Did you read what I said about heads and cams?

 

I've actually RUN those works cams in engines, and they neither the heads nor the cams appear to make anything like the figures claimed. I mean, SAH claimed 90bhp for their engine.

In reality it was no more than about 81, which of course would be SAME HEAD as the one you just quoted power figures on.....

 

It reminds me of the story of the Cosworth BDR.

To sell it they announced it had "150bhp" ....in reality when they came to drop it in the ltd edition Caterham series it only had 135.
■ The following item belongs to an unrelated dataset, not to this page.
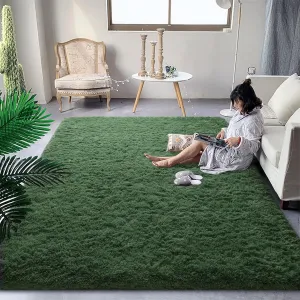 DweIke Area Rugs for Bedroom Living Room, 4x6 Fluffy Dark Green Rug Non-Slip Carpet for Kids Boys Girls Teen Dorm Nursery Home Decor, Super Soft Shaggy Plush Indoor Bedside Carpets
That's a proper 16V race developed engine.

 

When I measured it,- it had all in, no more than 130.

Link to comment
Share on other sites

  • 3 weeks later...

Coming back to our nice little 1147cc engine stuff after a break of some weeks.....

 

This arrived yesterday.....looked superficially quite ok, especially being as it was according to the manufacturer "the last one left in the world".

Being as it must be the one, a certain Mr Field advertises for £200 (2008 price) it all adds up, as I paid 200USD for it in 2013.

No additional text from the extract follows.